DATA BLOCK:
::::::::::

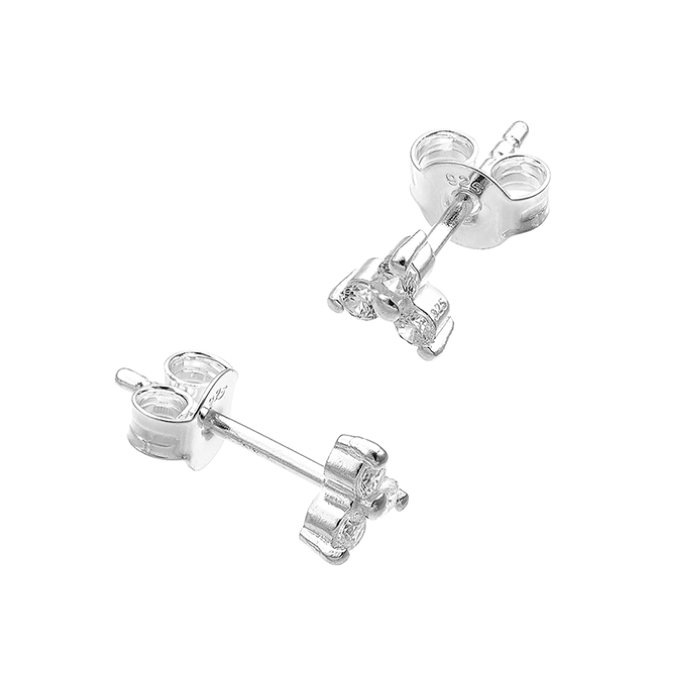 1,5mm 3 cubic zirconias earrings (1pair)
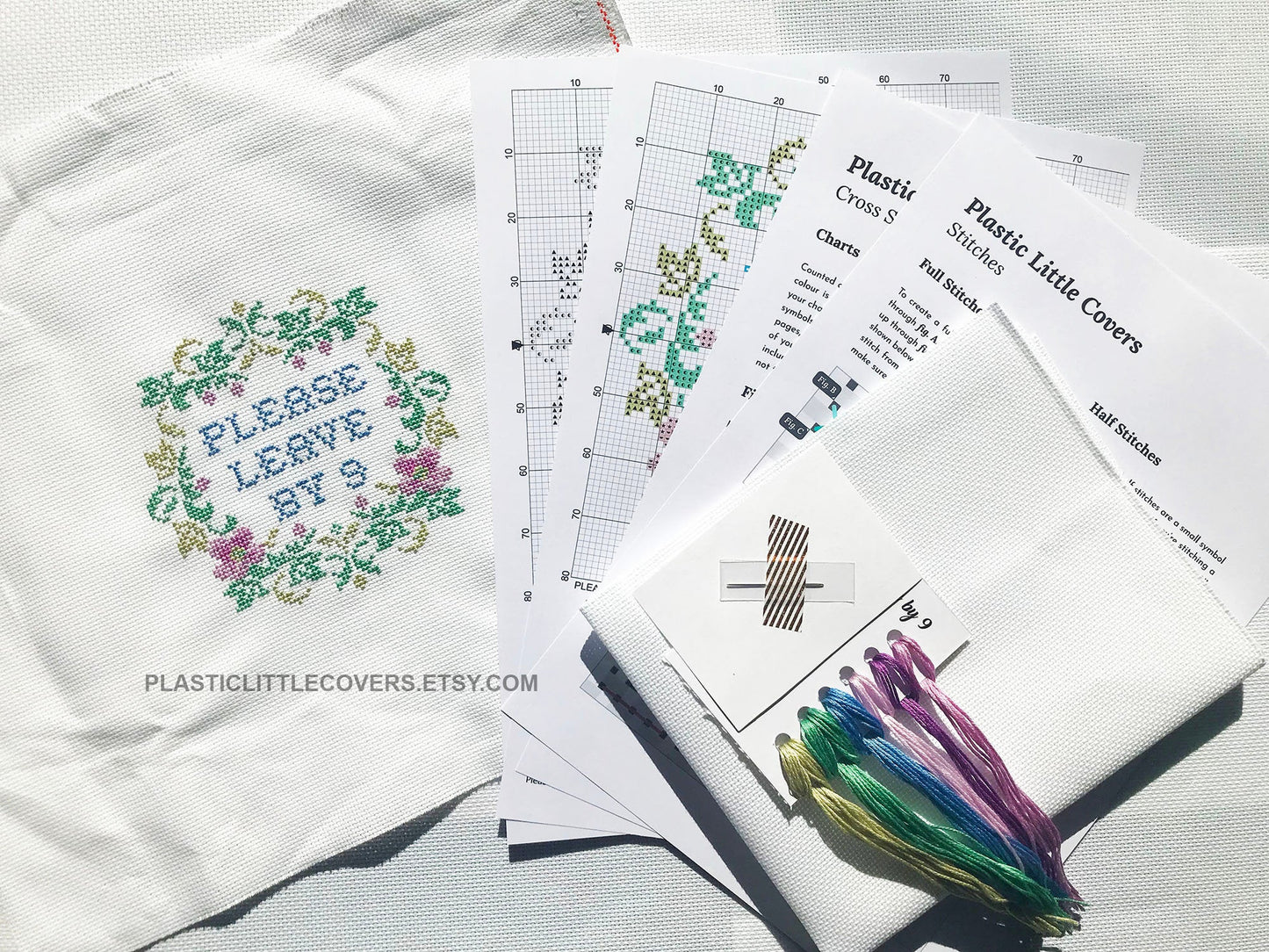 Cross Stitch Kit - Please Leave By 9.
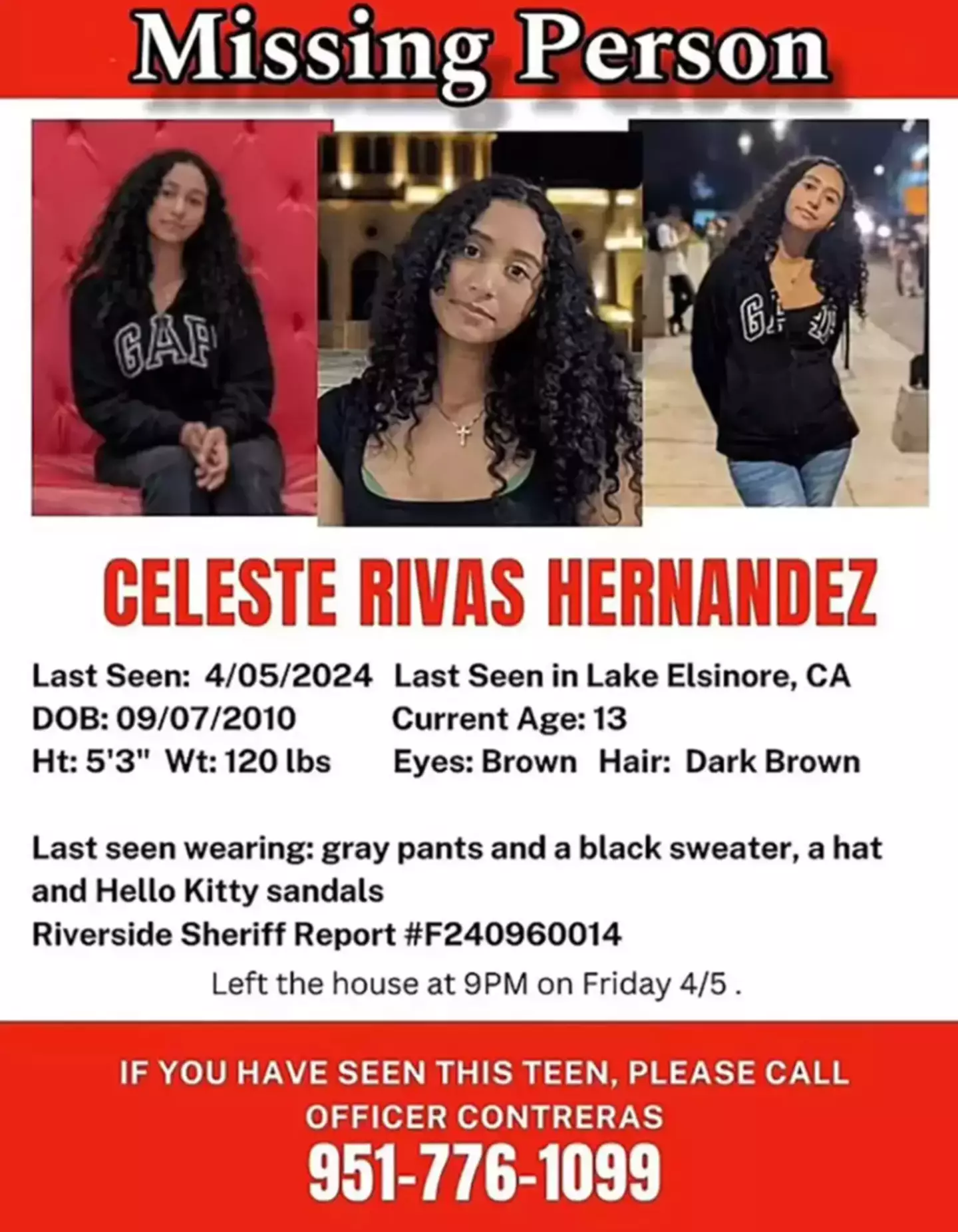 Rivas was reported missing in April of last year (Riverside Sheriff's Office)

::::::::::

PROBLEM TO WORK ON:
Word for word, give the data above again, without any images.

RESULT:
 1,5mm 3 cubic zirconias earrings (1pair)
 Cross Stitch Kit - Please Leave By 9.
 Rivas was reported missing in April of last year (Riverside Sheriff's Office)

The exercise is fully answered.